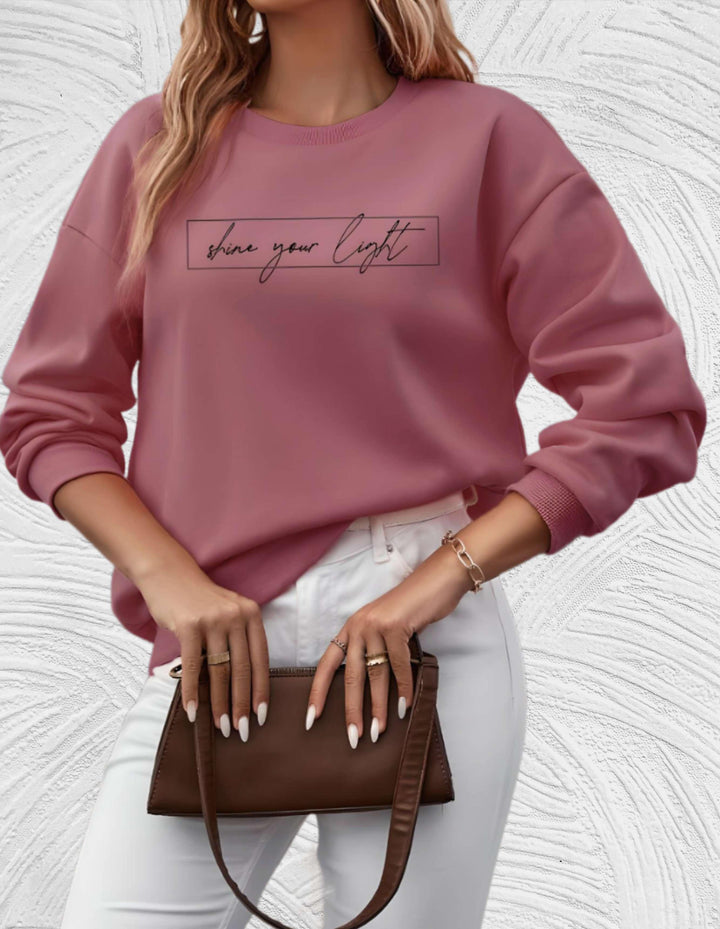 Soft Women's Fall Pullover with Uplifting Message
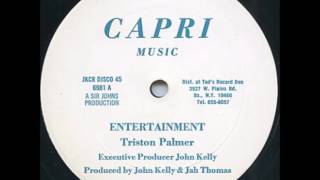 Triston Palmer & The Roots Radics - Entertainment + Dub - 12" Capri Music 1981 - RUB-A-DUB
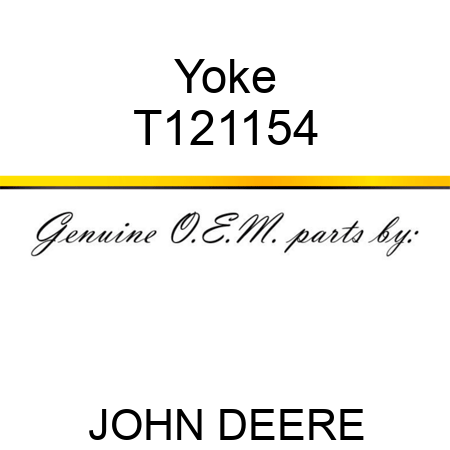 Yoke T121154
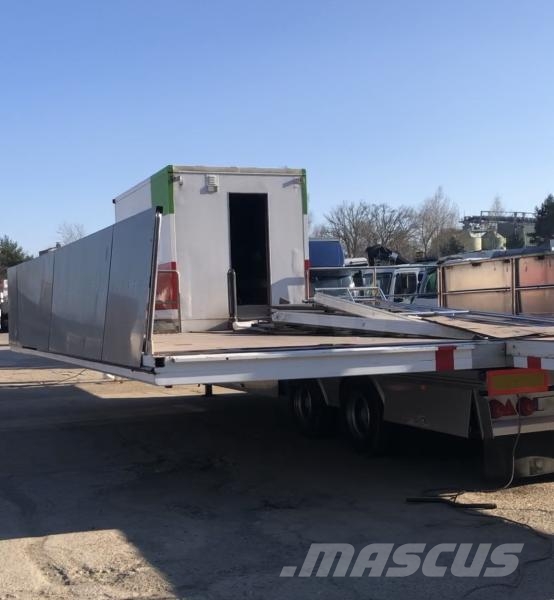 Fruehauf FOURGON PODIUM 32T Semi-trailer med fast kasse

- WHAT YOU WILL DO
Your answer must be the full listing, reproduced word for word, without its pictures.

- WRITTEN ANSWER
 Soft Women's Fall Pullover with Uplifting Message
 Triston Palmer & The Roots Radics - Entertainment + Dub - 12" Capri Music 1981 - RUB-A-DUB
 Yoke T121154
 Fruehauf FOURGON PODIUM 32T Semi-trailer med fast kasse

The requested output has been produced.